- [AVAILABLE RECORDS]:
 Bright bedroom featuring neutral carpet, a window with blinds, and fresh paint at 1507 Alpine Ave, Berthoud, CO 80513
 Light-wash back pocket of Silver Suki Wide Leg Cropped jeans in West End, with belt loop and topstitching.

* * *

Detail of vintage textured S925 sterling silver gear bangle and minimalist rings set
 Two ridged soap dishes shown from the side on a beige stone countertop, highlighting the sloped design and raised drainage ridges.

- [REQUIREMENT]: From the entries above, write out only the lines starting at the line that holds "Bright bedroom featuring" and ending at the line that holds "Light-wash back pocket", keeping both and matching them exactly.

- [WORKED SOLUTION]:
 Bright bedroom featuring neutral carpet, a window with blinds, and fresh paint at 1507 Alpine Ave, Berthoud, CO 80513
 Light-wash back pocket of Silver Suki Wide Leg Cropped jeans in West End, with belt loop and topstitching.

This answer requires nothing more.